- **Work required**
Once the pictures are set aside, repeat all of the data below exactly.

- **Supplied information**
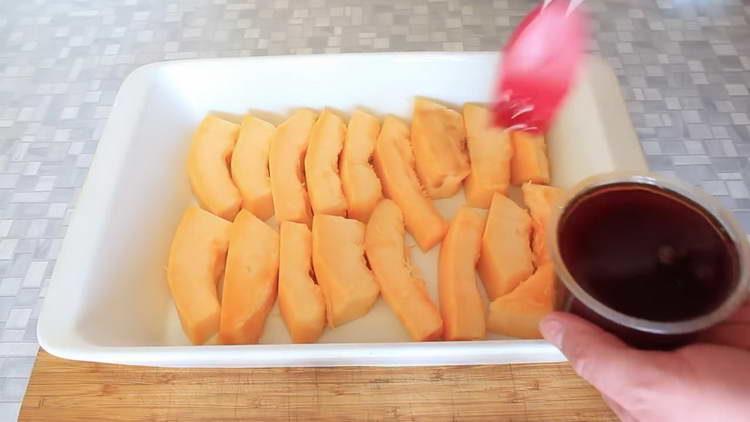 grease pumpkin with honey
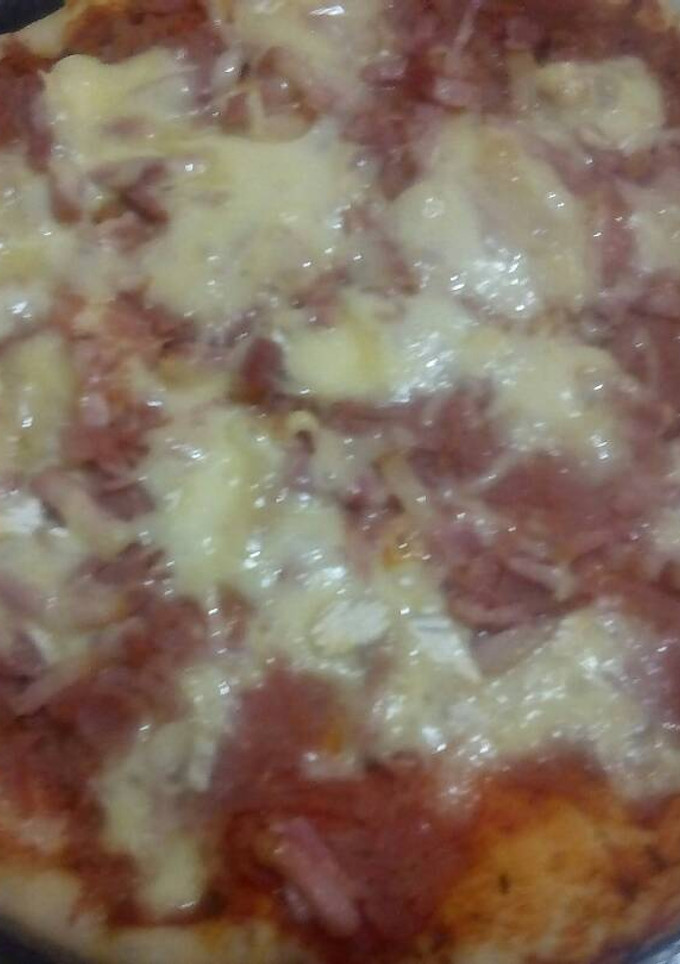 Una foto de Pizza masa con cerveza y orégano de jamon york beicon y queso brie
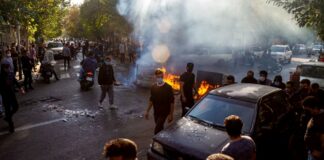 İran’da bir günde iki silahlı saldırı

- **Solution for this exercise**
 grease pumpkin with honey
 Una foto de Pizza masa con cerveza y orégano de jamon york beicon y queso brie
 İran’da bir günde iki silahlı saldırı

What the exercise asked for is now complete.